# Assignment
Count lines with "Baby" below; give only the number.

[[ Listed entries, beginning ]]

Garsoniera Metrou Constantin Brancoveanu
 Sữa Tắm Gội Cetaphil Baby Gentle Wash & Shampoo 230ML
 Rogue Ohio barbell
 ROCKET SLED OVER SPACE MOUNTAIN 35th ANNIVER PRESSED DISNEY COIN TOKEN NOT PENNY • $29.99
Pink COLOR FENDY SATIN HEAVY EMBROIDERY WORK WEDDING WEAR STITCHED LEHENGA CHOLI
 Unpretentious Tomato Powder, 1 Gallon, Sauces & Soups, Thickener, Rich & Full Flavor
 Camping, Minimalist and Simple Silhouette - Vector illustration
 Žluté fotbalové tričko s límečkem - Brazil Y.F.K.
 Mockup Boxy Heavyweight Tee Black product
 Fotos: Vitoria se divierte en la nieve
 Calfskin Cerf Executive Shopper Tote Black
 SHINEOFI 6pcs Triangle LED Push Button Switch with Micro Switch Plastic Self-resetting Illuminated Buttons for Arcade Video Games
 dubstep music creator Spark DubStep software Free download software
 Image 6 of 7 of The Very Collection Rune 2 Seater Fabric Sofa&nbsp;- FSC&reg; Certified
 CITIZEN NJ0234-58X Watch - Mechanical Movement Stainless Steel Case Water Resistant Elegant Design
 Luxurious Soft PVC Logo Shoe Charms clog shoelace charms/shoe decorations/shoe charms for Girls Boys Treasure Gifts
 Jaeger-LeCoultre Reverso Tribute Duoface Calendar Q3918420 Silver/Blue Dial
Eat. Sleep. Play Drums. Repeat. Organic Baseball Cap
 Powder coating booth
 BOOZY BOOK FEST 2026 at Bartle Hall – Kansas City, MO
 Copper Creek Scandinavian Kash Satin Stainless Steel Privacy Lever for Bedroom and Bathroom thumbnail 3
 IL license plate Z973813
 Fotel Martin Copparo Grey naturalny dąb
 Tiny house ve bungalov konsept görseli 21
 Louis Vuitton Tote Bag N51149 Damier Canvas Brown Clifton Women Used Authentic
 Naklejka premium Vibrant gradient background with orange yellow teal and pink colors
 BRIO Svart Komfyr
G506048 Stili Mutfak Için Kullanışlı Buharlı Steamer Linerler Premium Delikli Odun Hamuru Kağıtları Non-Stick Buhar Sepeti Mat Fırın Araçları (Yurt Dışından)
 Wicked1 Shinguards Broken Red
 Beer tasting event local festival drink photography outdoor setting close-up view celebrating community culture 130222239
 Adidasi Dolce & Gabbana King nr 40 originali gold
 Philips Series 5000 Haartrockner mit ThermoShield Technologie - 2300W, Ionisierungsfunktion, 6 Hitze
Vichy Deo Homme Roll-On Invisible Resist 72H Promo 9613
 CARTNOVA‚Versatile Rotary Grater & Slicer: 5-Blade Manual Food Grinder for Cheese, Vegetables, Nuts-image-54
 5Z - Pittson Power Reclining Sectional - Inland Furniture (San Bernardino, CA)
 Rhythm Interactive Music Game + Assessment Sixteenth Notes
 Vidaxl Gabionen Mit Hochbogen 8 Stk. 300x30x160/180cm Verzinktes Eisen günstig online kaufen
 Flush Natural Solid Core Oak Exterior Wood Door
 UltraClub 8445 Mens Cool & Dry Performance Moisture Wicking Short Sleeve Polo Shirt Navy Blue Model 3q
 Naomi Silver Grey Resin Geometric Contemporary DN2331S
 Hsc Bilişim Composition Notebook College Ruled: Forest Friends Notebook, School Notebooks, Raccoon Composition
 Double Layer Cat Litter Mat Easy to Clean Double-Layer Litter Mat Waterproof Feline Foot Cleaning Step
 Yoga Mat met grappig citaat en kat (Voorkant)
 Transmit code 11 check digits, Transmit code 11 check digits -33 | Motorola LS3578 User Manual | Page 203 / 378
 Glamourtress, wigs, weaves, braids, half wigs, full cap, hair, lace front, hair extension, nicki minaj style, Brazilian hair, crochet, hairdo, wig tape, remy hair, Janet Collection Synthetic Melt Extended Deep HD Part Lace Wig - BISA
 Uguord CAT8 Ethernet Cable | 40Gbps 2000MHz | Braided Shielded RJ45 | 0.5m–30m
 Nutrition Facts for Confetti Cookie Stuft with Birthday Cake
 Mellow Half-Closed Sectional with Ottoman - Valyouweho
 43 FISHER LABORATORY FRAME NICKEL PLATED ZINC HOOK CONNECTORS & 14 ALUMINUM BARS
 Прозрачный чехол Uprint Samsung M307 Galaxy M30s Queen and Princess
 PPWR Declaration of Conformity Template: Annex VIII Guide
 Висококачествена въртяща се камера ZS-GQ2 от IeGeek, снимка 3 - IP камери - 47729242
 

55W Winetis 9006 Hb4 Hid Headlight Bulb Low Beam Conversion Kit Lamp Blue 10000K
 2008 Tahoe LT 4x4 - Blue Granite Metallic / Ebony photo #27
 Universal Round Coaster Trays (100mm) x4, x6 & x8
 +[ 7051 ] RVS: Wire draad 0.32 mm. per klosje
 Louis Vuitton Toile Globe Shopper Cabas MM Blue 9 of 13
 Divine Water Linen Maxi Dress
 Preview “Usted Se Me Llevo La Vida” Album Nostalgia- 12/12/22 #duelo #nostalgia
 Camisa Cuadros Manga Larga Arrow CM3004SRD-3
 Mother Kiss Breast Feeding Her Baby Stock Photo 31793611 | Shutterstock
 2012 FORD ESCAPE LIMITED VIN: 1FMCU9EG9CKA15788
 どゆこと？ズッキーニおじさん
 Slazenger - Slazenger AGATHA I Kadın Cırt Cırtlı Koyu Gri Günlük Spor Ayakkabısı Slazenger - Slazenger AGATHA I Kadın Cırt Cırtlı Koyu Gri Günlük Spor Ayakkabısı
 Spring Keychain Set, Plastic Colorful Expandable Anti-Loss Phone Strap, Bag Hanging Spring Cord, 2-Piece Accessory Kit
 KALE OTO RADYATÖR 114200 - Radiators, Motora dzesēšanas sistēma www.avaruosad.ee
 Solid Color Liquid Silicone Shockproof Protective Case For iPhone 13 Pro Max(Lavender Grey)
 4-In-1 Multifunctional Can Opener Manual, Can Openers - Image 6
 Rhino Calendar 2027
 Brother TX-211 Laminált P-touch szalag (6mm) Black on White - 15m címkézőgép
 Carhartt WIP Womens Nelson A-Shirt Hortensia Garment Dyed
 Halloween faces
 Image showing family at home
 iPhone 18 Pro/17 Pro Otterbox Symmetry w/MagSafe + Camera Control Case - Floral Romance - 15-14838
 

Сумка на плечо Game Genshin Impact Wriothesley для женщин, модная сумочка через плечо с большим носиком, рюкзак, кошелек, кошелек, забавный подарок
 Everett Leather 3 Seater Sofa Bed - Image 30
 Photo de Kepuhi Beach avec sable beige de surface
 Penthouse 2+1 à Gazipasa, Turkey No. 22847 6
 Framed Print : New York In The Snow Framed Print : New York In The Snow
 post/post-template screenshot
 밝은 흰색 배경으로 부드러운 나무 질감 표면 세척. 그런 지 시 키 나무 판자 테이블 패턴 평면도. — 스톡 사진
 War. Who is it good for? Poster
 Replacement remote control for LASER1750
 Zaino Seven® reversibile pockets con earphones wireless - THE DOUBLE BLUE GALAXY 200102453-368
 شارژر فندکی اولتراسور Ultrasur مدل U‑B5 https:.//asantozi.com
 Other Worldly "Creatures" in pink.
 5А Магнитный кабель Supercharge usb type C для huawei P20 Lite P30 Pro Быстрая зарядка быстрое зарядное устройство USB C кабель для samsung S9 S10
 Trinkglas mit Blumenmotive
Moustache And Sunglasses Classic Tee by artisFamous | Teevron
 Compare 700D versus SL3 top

[[ Listed entries, end ]]

# Solution
2